Three phone screenshots in the store listing, no tablet shots, no featured banner. The icon is the network's wordmark on a white field. Updated most recently in March 2026, originally launched August 2025.
MISSION ACCOMPLISHED
The channel exists, it's free, and it loads. For a small Adventist-adjacent ministry distributing video to TV, those three facts are the whole product. A viewer at home doesn't need a Roku TV app to find a sermon — they could open YouTube — but having a dedicated tile on the Home screen changes the relationship. The TV becomes a pulpit rather than a search box.
Holding a Roku channel registration also means the network is reachable to anyone who already owns the hardware. That's a meaningful audience for a ministry that would otherwise depend on word-of-mouth and a website.
ROOM TO IMPROVE
There is no on-store description, no schedule, no "what to watch first" surface. A new viewer landing on the tile has to play something to find out what the channel is. A short text intro and a curated welcome row would do more for retention than another sermon upload.

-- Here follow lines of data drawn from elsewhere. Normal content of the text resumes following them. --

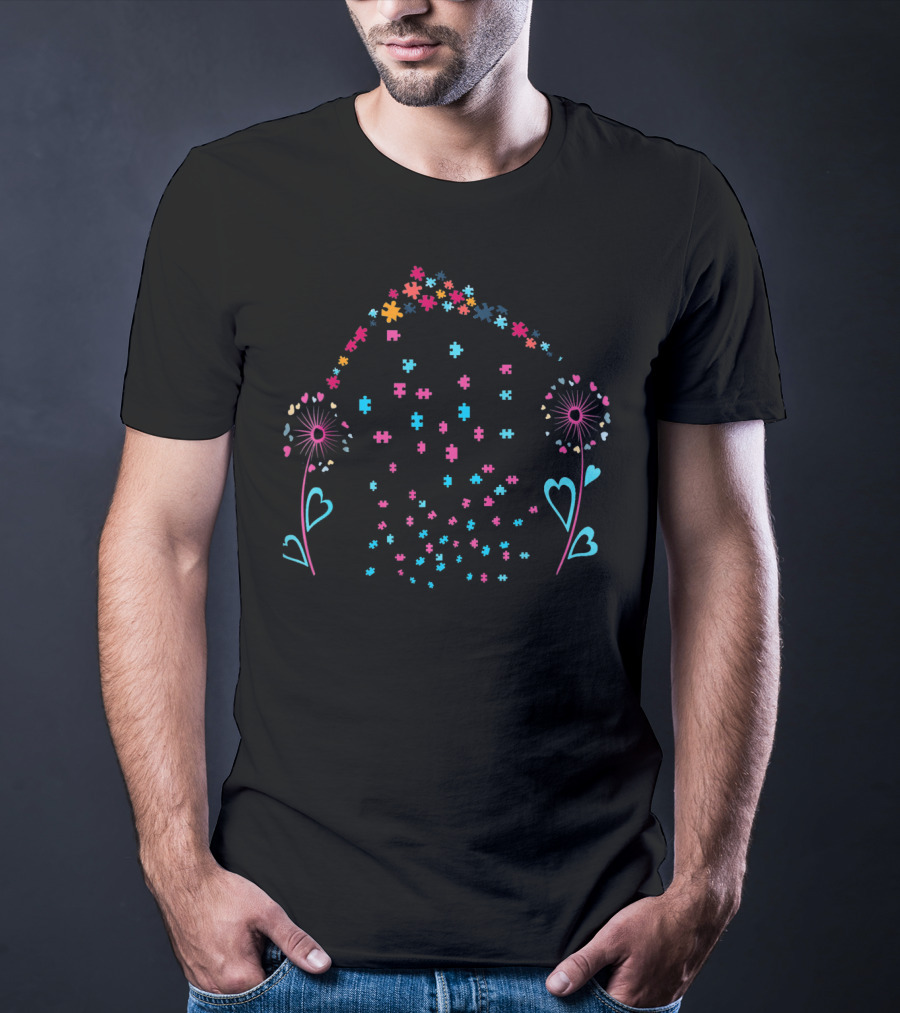 Dandelion Flower Puzzle Pieces Autism Heart T-Shirt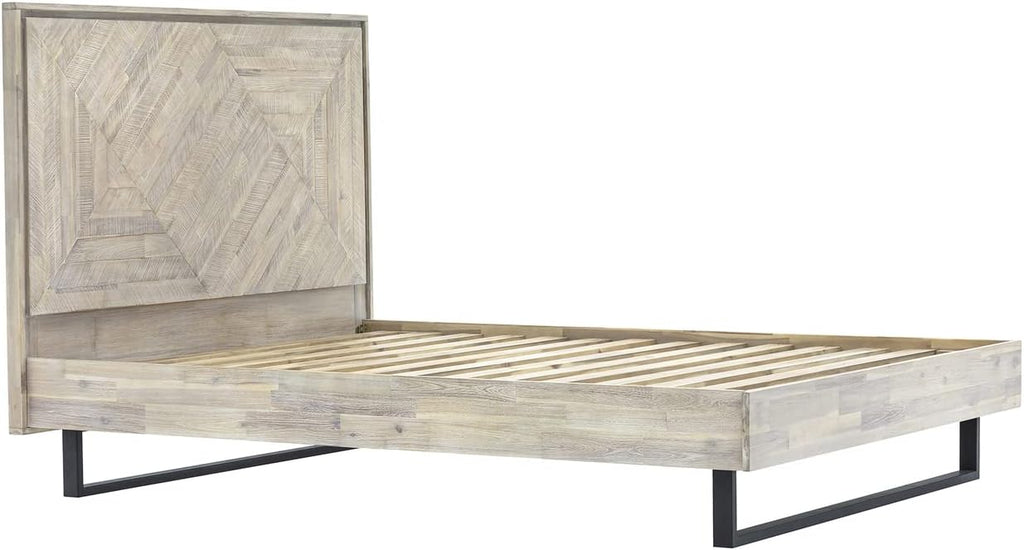 Armen Living Peridot 4 Piece Queen Bedroom Set in Natural Acacia Wood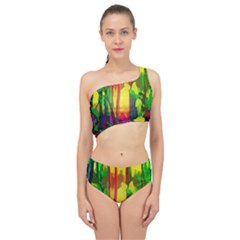 Abstract Vibrant Colour Botany Spliced Up Two Piece Swimsuit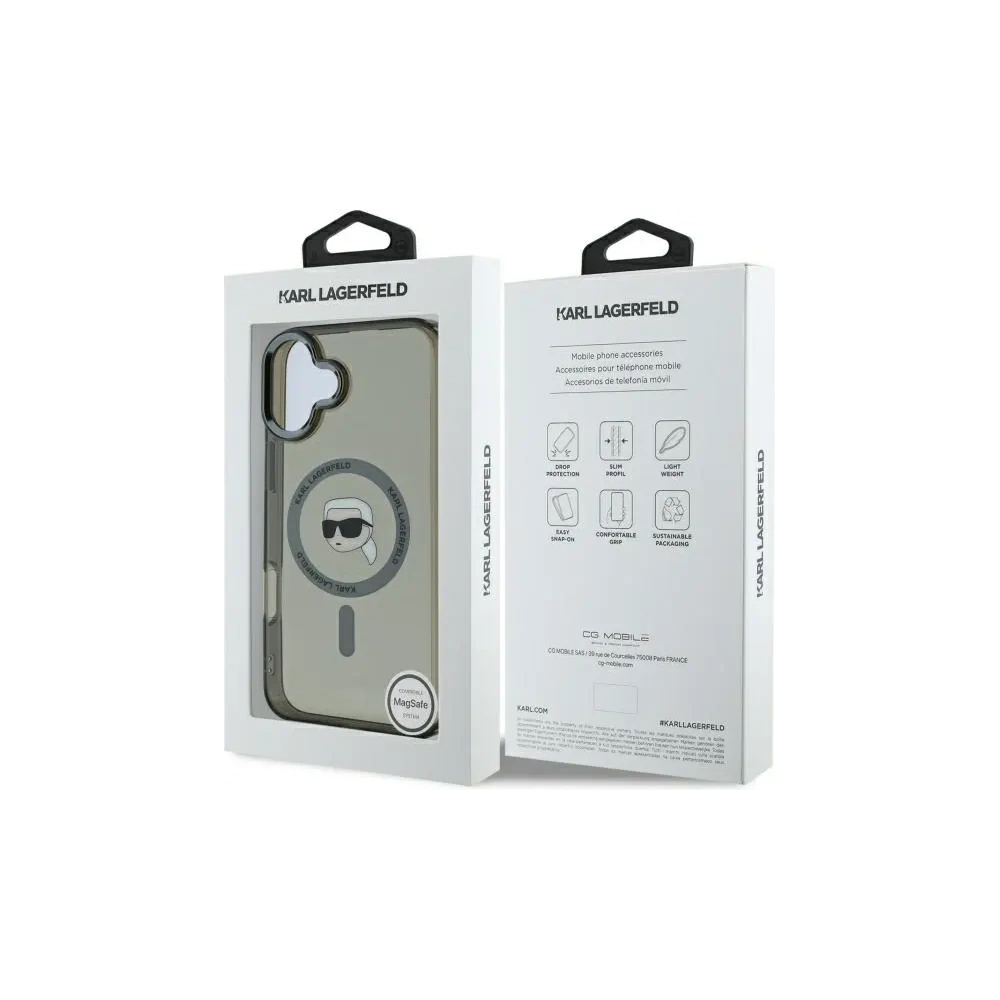 Etui Karl Lagerfeld KLHMP16SHLSKIK Apple iPhone 16 hardcase IML Metal Karl Head MagSafe czarny/black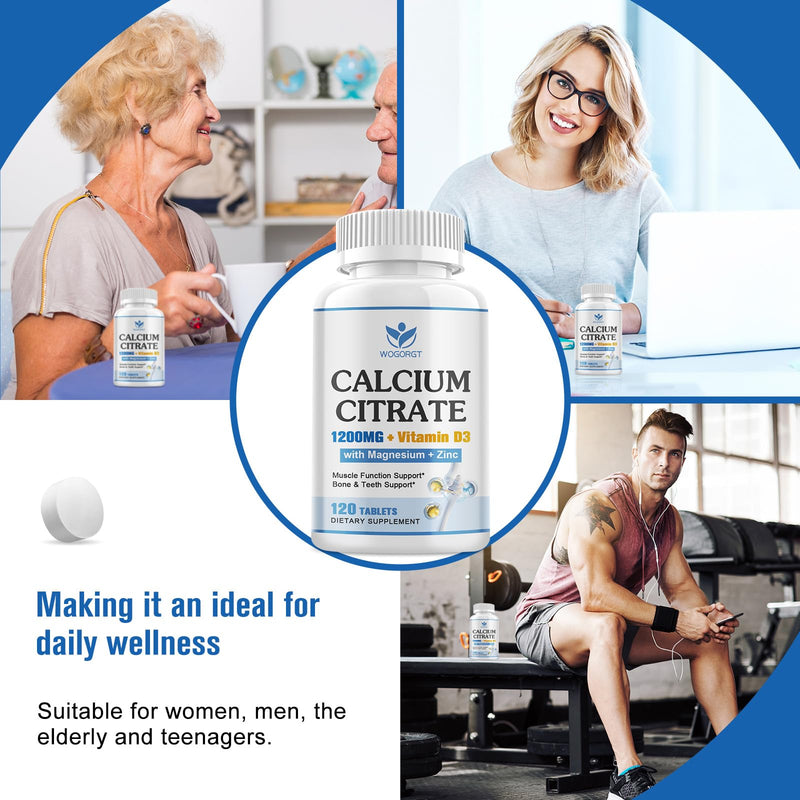 Calcium Citrate 1200mg Supplement with Vitamin D3 for Women & Men, 120Ct | WOGORGT - Calcium Citrate Tablets with Magnesium, Zinc, D3 Supplement, Bone, Teeth, Immune Support for Women & Men, Vegan 120 Count (Pack of 1)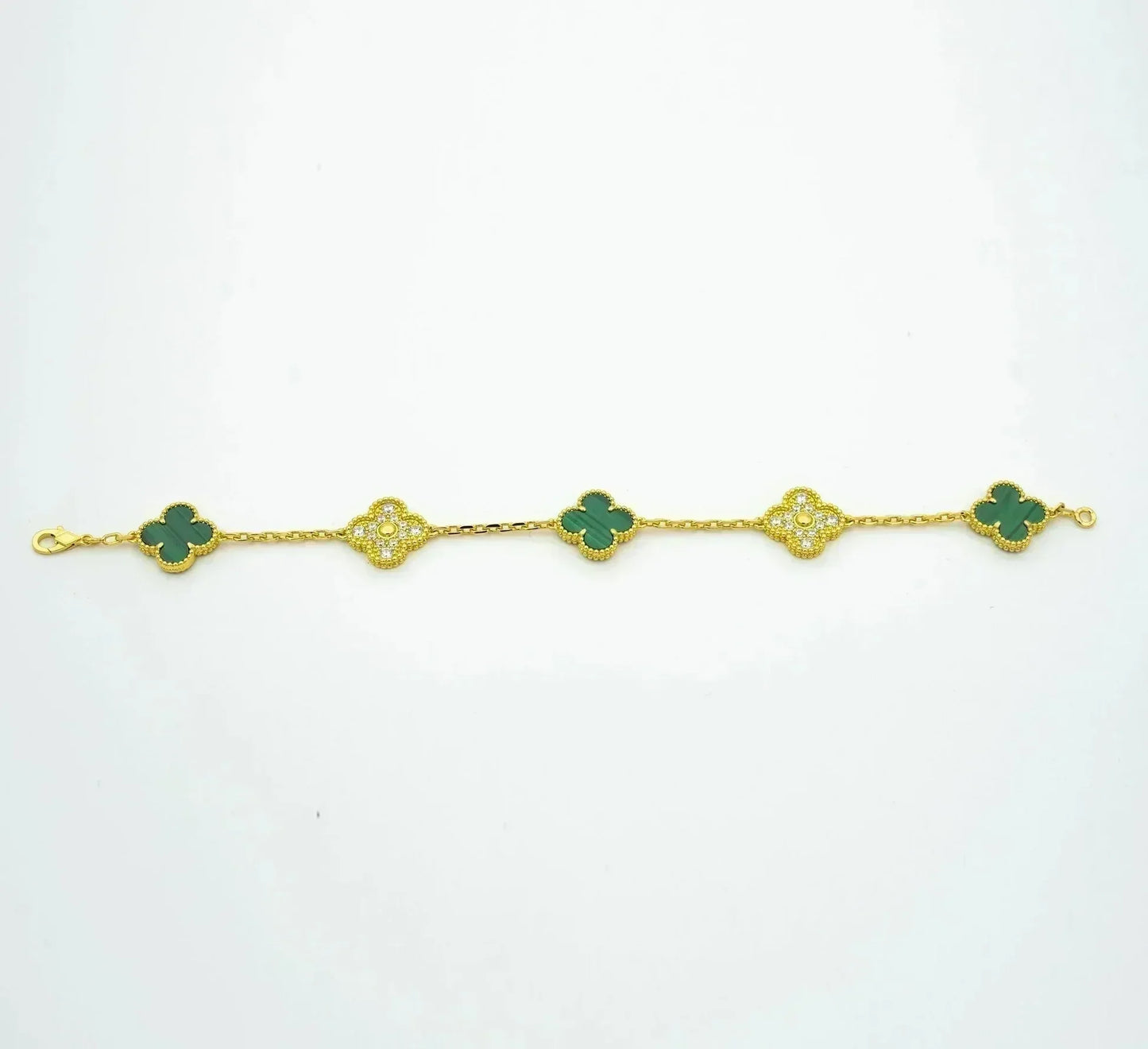 [Regal Gem] CLOVER 5 MOTIF MALACHITE BRACELET COLLECTION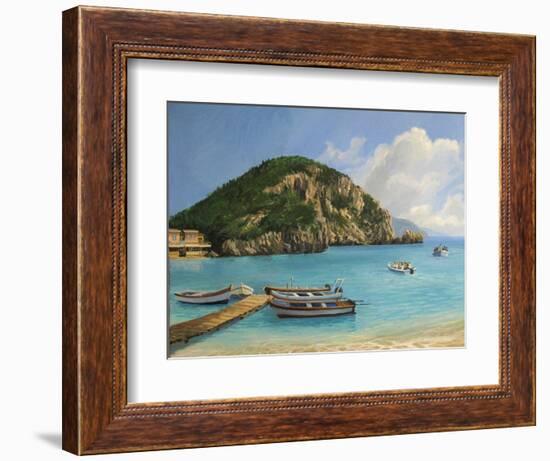 The Boats Of Paleokastritsa-kirilstanchev-Framed Art Print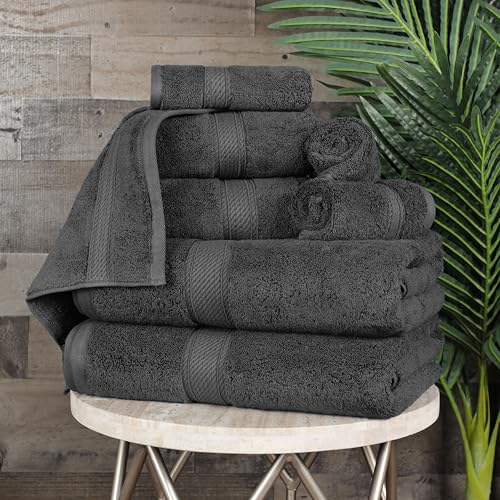 HOMECITY 8-Piece Luxurious Egyptian Cotton Towels Set, Highly Absorbent Towels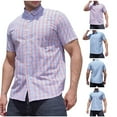 thumbnail image 3 of WREESH Men's Dress Shirts Button Down Business Turndown Collar Pocket Short Sleeve Plaid Stylish Plaid Shirt Red, 3 of 5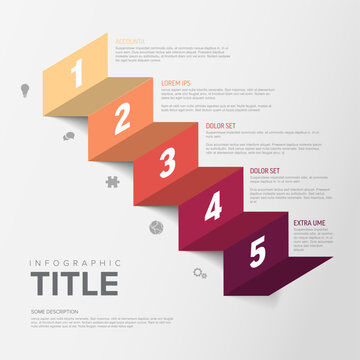 This clean business infographic template features five numbered steps. Use this professional infographic template to visualize your options and steps clearly.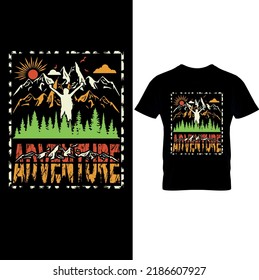  Adventure Vintage T-Shirt – Hike Hiking Camping – Camping T-Shirt Design – Printable Sublimation Design.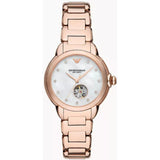 Emporio Armani Rose Gold Stainless Steel Strap Women Watch AR60072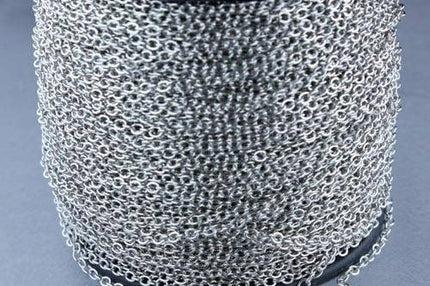 10 feet of Antiqued Silver Rhodium Plated SOLDERED Flat Cable chain - 3x2.7mm Solder Link Sturdy Chain -  327SF
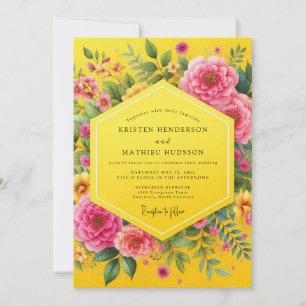 Invitation Mariage Canary Magenta Gras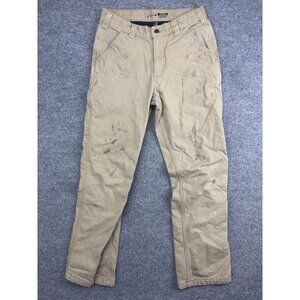 Carhartt Pants Mens 34x32 Tan Rugged Flex Relaxed Fit Canvas Double Front Work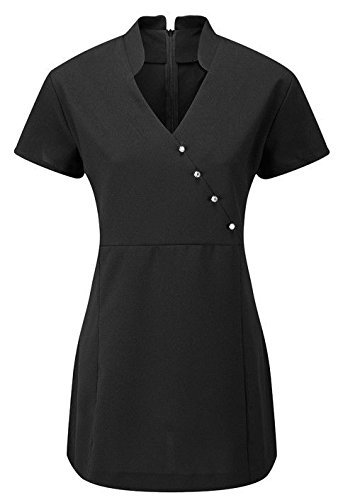 V Neck Beauty Hairdressing SPA Nail Salon Therapist Massage Tunic Uniform V4B (14, Black)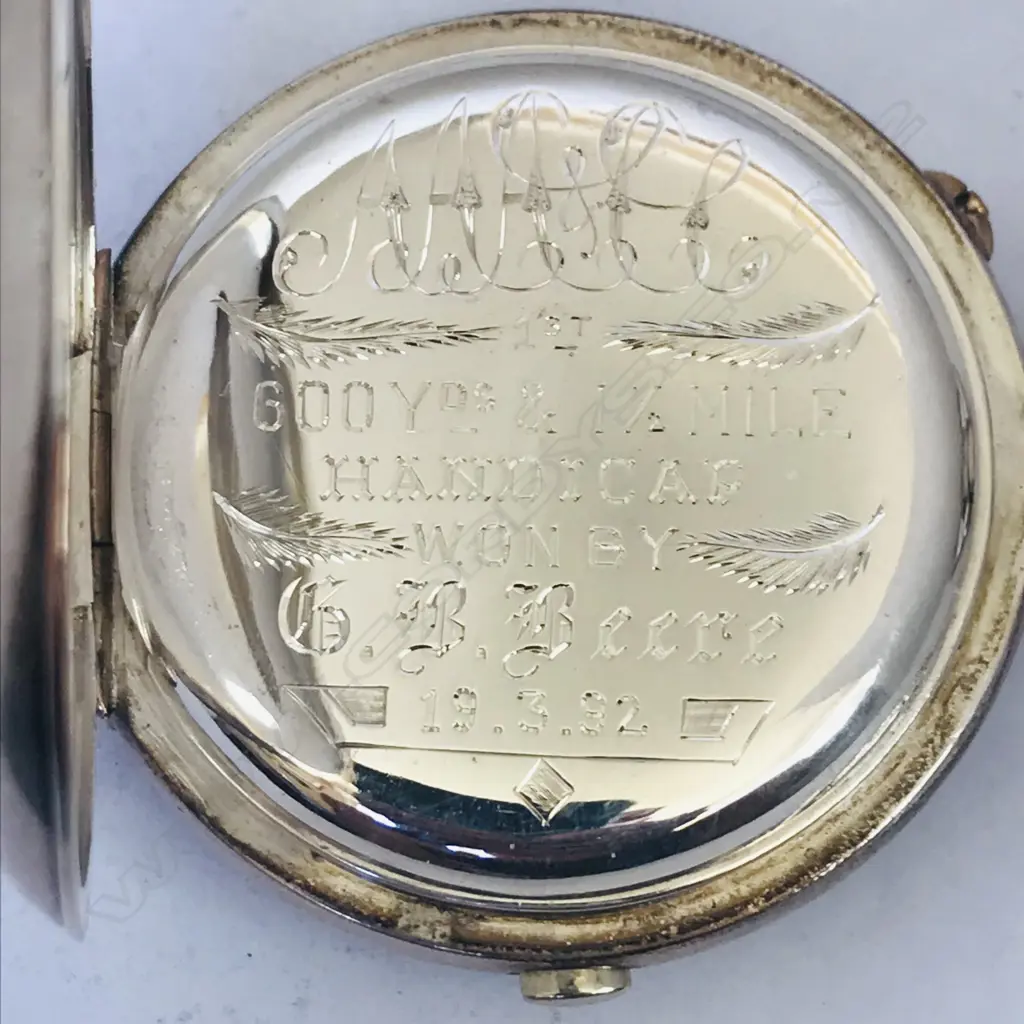 Swiss silver hunter chronograph pocket watch Image 1++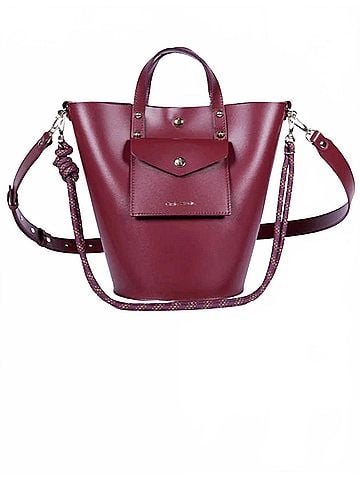 Craie Women's Notion Calf Leather Bag in Prune (view 1)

Direct Publisher feeds also don't support live event reminders, audio-only sermon playback, or chapter markers inside a long Bible-study video. If the ministry grows, a custom SceneGraph build with a sermon archive search and an audio-only mode would close the gap to the larger Adventist networks already on Roku.
CONCLUSION
Install if you're part of an Adventist congregation that follows this network's pastors, or if you're curious about smaller-ministry broadcast on Roku. Skip if you want polished production values or a deep on-demand library — Hope Channel and 3ABN are still the bigger doors. Watch for a published programme schedule; that's the upgrade that would move this from useful to recommended.